If i change the proximity buffer from 4 to 2 (ie: Income w/2 Company), i still get the same hit, even though Company is not within TWO words of Income. I am sure I am doing something wrong. Please help!
Which version of tsql are you using? It should work in tsql with the set withinmode='word'. The following works for me:
create table tbltest(ID int,author varchar(20));
insert into tbltest values(1,'Income produced by edible lipgloss brought the company ,000,000 last year.');
create metamorph inverted index idxmauthor on tbltest(author);
set withinmode='word';
set indexwithin=1;
select * from tbltest where author like 'income company w/1';
select * from tbltest where author like 'income company w/2';
select * from tbltest where author like 'income company w/3';
select * from tbltest where author like 'income company w/4';
select * from tbltest where author like 'income company w/5';
select * from tbltest where author like 'income company w/6';
select * from tbltest where author like 'income company w/7';
drop table tbltest;
Thank you.
I am using 05.01.1138031466(20060123) version.
I tried using your tsql statements and they worked like a charm. It returned hits for w/4 or higher.
Then I added a few index expressions to the create index and ran the script again. This time I got hits for w/2 or higher. I narrowed it down to the expression set addexp='\alnum{1,99}'. It appears that if I remove \alnum{1,99} from my create index statement, then I get the right hits. With this expression added to the create index statement, hits are being returned for w/2 - which is obviously erroneous. Is this an expected behavior?
drop table tbltest;
create table tbltest(ID int,author varchar(20));
insert into tbltest values(1,'Income produced by edible lipgloss brought the company ,000,000 last year.');
set keepnoise='on';set delexp=0;set addexp='\punct{1,5}';set addexp='\alnum{1,99}';set addexp='>>\alpha{1,50},=\alph
a{1,50}';create metamorph inverted index idxmauthor on tbltest(author);
set withinmode='word';
set indexwithin=1;
select * from tbltest where author like 'income company w/1';
select * from tbltest where author like 'income company w/2';
select * from tbltest where author like 'income company w/3';
select * from tbltest where author like 'income company w/4';
select * from tbltest where author like 'income company w/5';
select * from tbltest where author like 'income company w/6';
select * from tbltest where author like 'income company w/7';
John, the updated version that you sent us seems to have resolved the anomaly. Thank you!
I have one more question about the withinmode settings. Sometimes it appears that some of the words within the proximity buffer are being ignored.
For example,
'Income w/4 Company' finds
"Income produced by edible lipgloss brought the company ,000,000 last year."

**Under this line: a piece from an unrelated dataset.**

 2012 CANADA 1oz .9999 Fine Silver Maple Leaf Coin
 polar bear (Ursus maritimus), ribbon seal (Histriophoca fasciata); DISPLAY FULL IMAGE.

There are 6 words between Income and Company. It appears that 'by' and 'the' are being ignored. Does this behavior have anything to do with noise words?
It's not due to noise words (they always count for w/N), but the fact that linear w/N search currently matches words up to 2N left and 2N right of the anchor word, instead of N left and N right. Index search (activated with set indexwithin=7) may do the same, but usually is limited to N left and N right as expected.